29 Apr 2016 @ 07:01 by Bandar Togel @103.12.162.4 : brilliant! I would like to share this ar
Togel Online Singapore
Togel Online Hongkong
Bandar Togel Singapore
Bandar Togel
Togel Online Terpercaya
Bandar Togel Online Terpercaya
Togel Online
Agen Togel Online Terpercaya
Agen Togel Online  



19 Aug 2016 @ 11:32 by National drink of Pakistan @182.186.175.66 : Malik
This tragedy with Pakistan continues to worsen seeing that relief provides and assistance fall far next to what becomes necessary. More assistance is desperately needed for the reason that potential for a lot of fatalities will start to loom.  

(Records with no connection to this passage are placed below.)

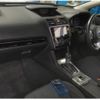 subaru levorg 2015 quick_quick_DBA-VM4_VM4-059591 image 3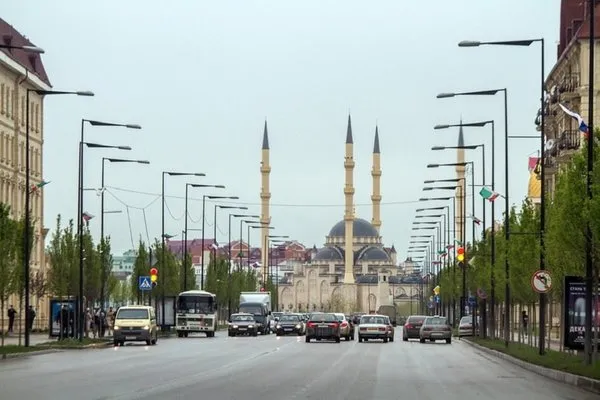 Rusya’nın en mutlu kenti bakın neresiymiş!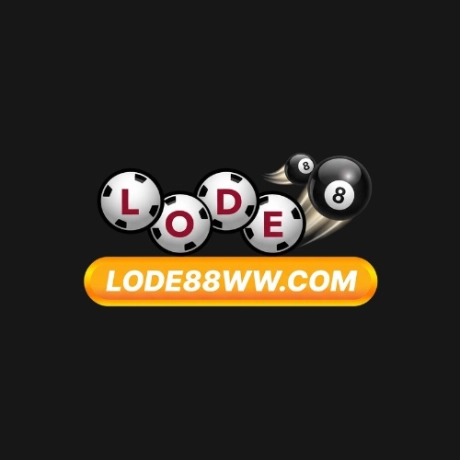 lode88wwcom - Overview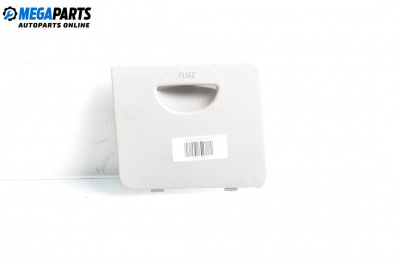 Torpedo for Kia Cerato Hatchback I (03.2004 - 12.2009)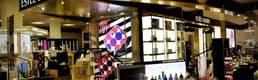 Estée Lauder 10 bin kişiyi işten çıkaracak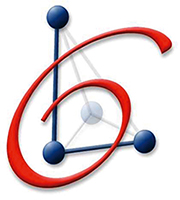 logo LSIS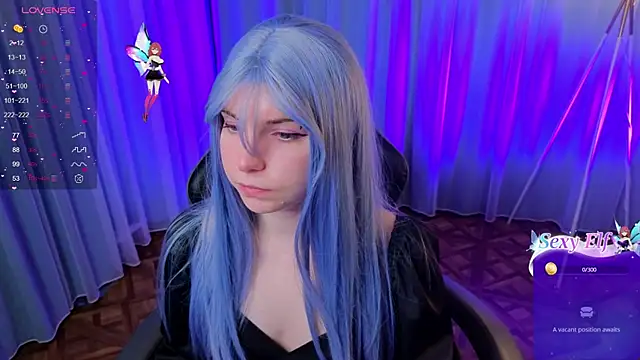 zelda 1 online show from 03.22.25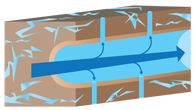 What-the-frack-Diagram-3-195x110-GI03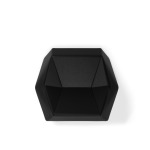Prism Single Sofa image 4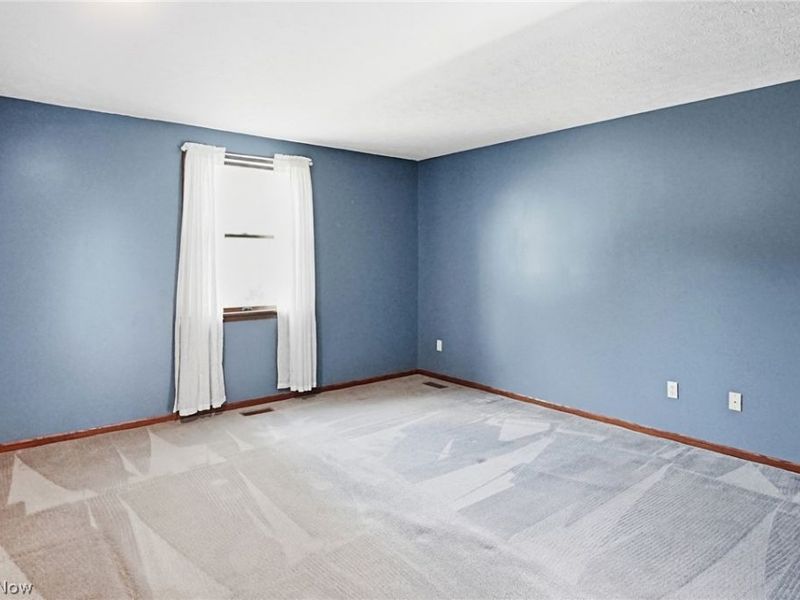 9956 Fay Drive , Wadsworth, OH 44281 Photo 21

5 Sep 2016 @ 09:34 by xender for pc @117.207.102.53 : xc
xender for pc app  


30 Sep 2016 @ 17:19 by jack sparr @43.224.128.93 : nice
Download Zapya for PC to share files and folders easily from PC to Mobile  


Your Name:
Your URL: (or email)
Subject:       
Comment:
For verification, please type the word you see on the left:


Other stories in
2010-07-10 13:01: Strong Elastic Links
2010-07-08 02:27: Truth: superconductivity for scalable networks
2010-06-27 02:28: Be afraid, be very afraid
2008-07-06 23:20: Laws of social networks
2008-06-20 15:40: Peer material production
2008-05-06 13:57: Why can't we stick to our goals?
2008-02-21 21:16: Open social networks
2007-11-08 01:49: The value of connections
2007-11-07 00:51: Diversity counterproductive to social capital?
2007-07-13 23:42: Plan vs Reality



[< Back] [Ming the Mechanic] [PermaLink]?